16.6.1. Genetic engineering of host resistance and the potential problems
Molecular biologists have used genetic engineering techniques to produce insect-resistant varieties of a number of crop plants, including corn, cotton, tobacco, tomato, and potato, that can manufacture foreign antifeedant or insecticidal proteins under field conditions. The genes encoding these proteins are obtained from bacteria or other plants and are inserted into the recipient plant mostly via two common methods: (i) using an electric pulse or a metal fiber or particle to pierce the cell wall and transport the gene into the nucleus, or (ii) via a plasmid of the crown-gall bacterium, Agrobacterium tumefaciens. This bacterium can move part of its own DNA into a plant cell during infection because it possesses a tumor-inducing (Ti) plasmid containing a piece of DNA that can integrate into the chromosomes of the infected plant. Ti plasmids can be modified by removal of their tumor-forming capacity, and useful foreign genes, such as insecticidal toxins, can be inserted. These plasmid vectors are introduced into plant cell cultures, from which the transformed cells are selected and regenerated as whole plants.
Insect control via resistant genetically modified (transgenic) plants has several advantages over insecticide-based control methods, including continuous protection (even of plant parts inaccessible to insecticide sprays), elimination of the financial and environmental costs of unwise insecticide use, and cheaper modification of a new crop variety compared to development of a new chemical insecticide. Whether such genetically modified (GM) plants lead to increased or reduced environmental and human safety is currently a highly controversial issue. Problems with GM plants that produce foreign toxins include complications concerning registration and patent applications for these new biological entities, and the potential for the development of resistance in the target insect populations. For example, insect resistance to the tox- ins of Bacillus thuringiensis (Bt) (section 16.5.2) is to be expected after continuous exposure to these proteins in transgenic plant tissue. This problem might be overcome by restricting expression of the toxins to certain plant parts (e.g. the bolls of cotton rather than the whole cotton plant) or to tissues damaged by insects. A specific limitation of plants modified to produce Bt toxins is that the spore, and not just the toxin, must be present for maximum Bt activity with some pest insects.
It is possible that plant resistance based on toxins (allelochemicals) from genes transferred to plants might result in exacerbation rather than alleviation of pest problems. At low concentrations, many toxins are more active against natural enemies of phytophagous insects than against their pest hosts, adversely affecting biological control. Alkaloids and other allelochemicals ingested by phytophagous insects affect development of or are toxic to parasitoids that develop within hosts containing them, and can kill or sterilize predators. In some insects, allelochemicals sequestered whilst feeding pass into the eggs with deleterious consequences for egg parasitoids. Furthermore, allelochemicals can increase the tolerance of pests to insecticides by selecting for detoxifying enzymes that lead to cross-reactions to other chemicals. Most other plant resistance mechanisms decrease pest tolerance to insecticides and thus improve the possibilities of using pesticides selectively to facilitate biological control.

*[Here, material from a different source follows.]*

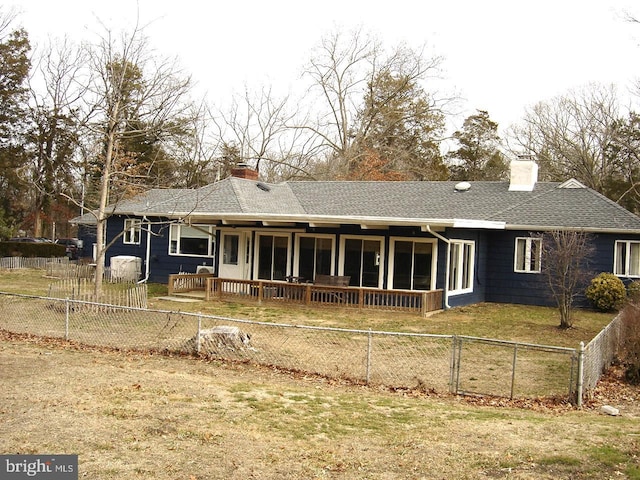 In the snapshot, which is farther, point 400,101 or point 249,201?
point 400,101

In addition to the hazards of inadvertent selection of insecticide resistance, there are several other environmental risks resulting from the use of transgenic plants.
First, there is the concern that genes from the modified plants may transfer to other plant varieties or species leading to increased weediness in the recipient of the transgene, or the extinction of native species by hybridization with transgenic plants. Second, the transgenic plant itself may become weedy if genetic modification improves its fitness in certain environments. Third, non-target organisms, such as beneficial insects (pollinators and natural enemies) and other non-pest insects, may be affected by accidental ingestion of genetically modified plants, including their pollen. A potential hazard to monarch butterfly populations from larvae eating milkweed foliage dusted with pollen from Bt corn attained some notoriety. Milkweeds, the host plants of the monarch larvae, and commercial cornfields commonly grow in close proximity in the USA. Following detailed assessment of the distance and Bt content of pollen drift, the exposure of caterpillars to corn pollen was quantified. A comprehensive risk assessment concluded that the threat to the butterfly populations was low.

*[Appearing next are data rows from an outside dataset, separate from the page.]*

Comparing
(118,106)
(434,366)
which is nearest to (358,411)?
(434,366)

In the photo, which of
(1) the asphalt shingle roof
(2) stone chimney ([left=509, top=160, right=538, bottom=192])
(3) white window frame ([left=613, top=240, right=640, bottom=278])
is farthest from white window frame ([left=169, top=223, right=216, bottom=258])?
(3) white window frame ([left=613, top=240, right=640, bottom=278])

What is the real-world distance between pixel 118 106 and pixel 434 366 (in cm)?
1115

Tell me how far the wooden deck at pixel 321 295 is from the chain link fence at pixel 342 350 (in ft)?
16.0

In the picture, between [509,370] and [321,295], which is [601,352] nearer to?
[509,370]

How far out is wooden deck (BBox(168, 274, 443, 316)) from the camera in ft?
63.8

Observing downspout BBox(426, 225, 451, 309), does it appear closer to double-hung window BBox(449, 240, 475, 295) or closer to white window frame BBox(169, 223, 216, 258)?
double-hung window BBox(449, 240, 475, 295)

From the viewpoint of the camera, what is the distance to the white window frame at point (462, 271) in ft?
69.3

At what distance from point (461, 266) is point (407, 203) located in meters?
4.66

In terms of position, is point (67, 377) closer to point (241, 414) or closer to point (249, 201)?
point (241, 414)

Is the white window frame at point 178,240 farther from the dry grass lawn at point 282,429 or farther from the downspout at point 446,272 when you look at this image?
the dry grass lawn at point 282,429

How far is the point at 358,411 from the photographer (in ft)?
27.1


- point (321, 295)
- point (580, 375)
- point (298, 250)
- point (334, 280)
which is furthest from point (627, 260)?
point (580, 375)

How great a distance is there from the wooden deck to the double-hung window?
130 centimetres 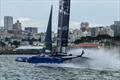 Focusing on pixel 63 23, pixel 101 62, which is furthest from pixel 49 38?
pixel 101 62

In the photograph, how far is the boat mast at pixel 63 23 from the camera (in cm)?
8019

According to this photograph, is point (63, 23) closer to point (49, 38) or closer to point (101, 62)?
point (49, 38)

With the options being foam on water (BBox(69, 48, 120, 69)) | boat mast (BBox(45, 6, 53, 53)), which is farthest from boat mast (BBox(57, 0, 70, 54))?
foam on water (BBox(69, 48, 120, 69))

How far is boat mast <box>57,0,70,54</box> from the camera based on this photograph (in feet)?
263

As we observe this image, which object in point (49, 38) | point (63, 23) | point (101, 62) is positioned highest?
point (63, 23)

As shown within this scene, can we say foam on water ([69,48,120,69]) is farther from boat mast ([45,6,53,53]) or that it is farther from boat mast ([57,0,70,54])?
boat mast ([45,6,53,53])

Crop plants engineered genetically for resistance to herbicides may impact deleteriously on non-target insects. For example, the widespread use of weed control chemicals in fields of herbicide-resistant corn in the mid-western USA is leading to the loss of milkweeds used by the larvae and flowering annuals used as nectar sources by the adults of the monarch butterfly. The monarch has received much attention because it is a charismatic, flagship species (section 1.7), and similar effects on populations of numerous other insects are unlikely to be noticed so readily.